The lecture will be broadcast on ABC TV and ABC iview on November 1 and later heard on ABC Radio National on November 2.
ABC Chair Kim Williams AM said
“The Boyer Lectures started initially as The ABC Lectures in 1959. It is the major broadcast public lecture series presented in Australia, where leading Australian (and in some instances international) contributors are invited to express their thoughts on major social, cultural, scientific or political issues.
“The lecture series was modelled on the Reith Lectures which were initiated by the BBC to honour its first Director General, Lord Reith. Commencing in 1948, the first BBC Reith Lecture series was given by Bertrand Russell.
“The ABC Lectures were quickly renamed the Boyer Lectures in 1961 to honour Sir Richard Boyer upon his death. Sir Richard was, of course, the distinguished chair of the ABC from 1945 up until his death in 1961.
“2024 will see the 65th anniversary of the ABC/Boyer Lectures and this year hosts four distinguished speakers presenting an anthology series addressing classical music in Australia today. This will be the first time music features as a Boyer Lecture subject.
“There have been four previous anthology lecture series – in 1988 (when four previous speakers gave fresh addresses for the Australian Bicentennial), 1991 when there were two speakers (Faye Gale and Ian Lowe addressing the topic of A Changing Australia), 1993 when seven distinguished Australians (Ian Anderson, Noel Pearson, Dr Yunupingu, Dot West, Jeannie Bell, Gaetano Lui Jnr, and Helen Corbett) were invited to deliver individual lectures to mark the UN’s Year of Indigenous People, and 2002, when the invited speaker was unable to deliver the lectures and the then ABC Chair, Donald McDonald AC delivered introductions to four previously delivered Boyer lectures as a substitute.
“The Boyer Lectures have long been a cornerstone of Radio National’s output and are one of the highlights in Radio National programming annually. To hear the series address music seriously will be, I have no doubt, a rare and special treat for many Australians.”
In 2024 the distinguished composer, writer, and ABC broadcaster, Andrew Ford (long term presenter of The Music Show on Radio National) will host the four speakers and link the series.
Professor Goldsworthy’s lecture will be followed by lectures on Radio National throughout November by Lyn Williams AM, founder and director of Gondwana Choirs, Iain Grandage, leading Australian composer and former Artistic Director of the Perth Festival and accomplished violist, conductor and composer, Aaron Wyatt.
About the speakers:-
Professor Anna Goldsworthy
Professor Anna Goldsworthy performs extensively throughout Australia and internationally, as a soloist and collaborator.
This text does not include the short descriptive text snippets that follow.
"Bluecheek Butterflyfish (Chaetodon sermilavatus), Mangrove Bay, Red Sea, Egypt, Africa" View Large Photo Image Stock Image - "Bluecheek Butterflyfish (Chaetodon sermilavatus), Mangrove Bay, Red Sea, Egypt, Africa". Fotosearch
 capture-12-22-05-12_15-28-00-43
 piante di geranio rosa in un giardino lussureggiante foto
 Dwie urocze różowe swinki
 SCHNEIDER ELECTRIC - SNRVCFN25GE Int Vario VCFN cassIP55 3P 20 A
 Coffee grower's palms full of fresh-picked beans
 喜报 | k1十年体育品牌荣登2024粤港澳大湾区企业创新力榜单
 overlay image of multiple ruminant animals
She is a founding member of Seraphim Trio, whose most recent recordings are the ARIA-award-winning Thirteen Ways to Look at Birds for Decca, with Paul Kelly, James Ledger, and Alice Keath, and the ABC Classics set Trio Through Time for ABC Classics.
A respected author, Professor Goldsworthy’s debut memoir Piano Lessons was released in Australia, North America, Germany, Korea and Vietnam, and will soon be published in China. Her most recent book, the novel Melting Moments, was released in 2020. She is the author of several works for the stage, including the libretto of the Graeme Koehne’s opera A Christmas Carol.
Professor Goldsworthy has directed numerous festivals, including the Port Fairy Spring Music Festival and the Coriole Music Festival. In 2024, she will direct the Music and Mountains Festival in Queenstown, New Zealand.
Lyn Williams AM
For over 30 years Lyn William has harnessed the incredible power of young voices through her world-renowned ensembles: the Sydney Children’s Choir, Gondwana Voices, the Gondwana Indigenous Children’s Choir and Marliya. Her choirs have appeared with the world’s leading orchestras and conductors and at festivals including the BBC Proms and Polyfollia.
Lyn has commissioned over 200 works from composers across Australia and around the world and continues to foster strong relationships with First Nations artists across Australia. Lyn enjoys a long-standing collaboration with singer-songwriter Felix Riebl of the Cat Empire and the singers of Marliya, presenting the critically acclaimed show Spinifex Gum, which has featured at almost every Australian arts festival since its premiere at the Adelaide Festival in 2018.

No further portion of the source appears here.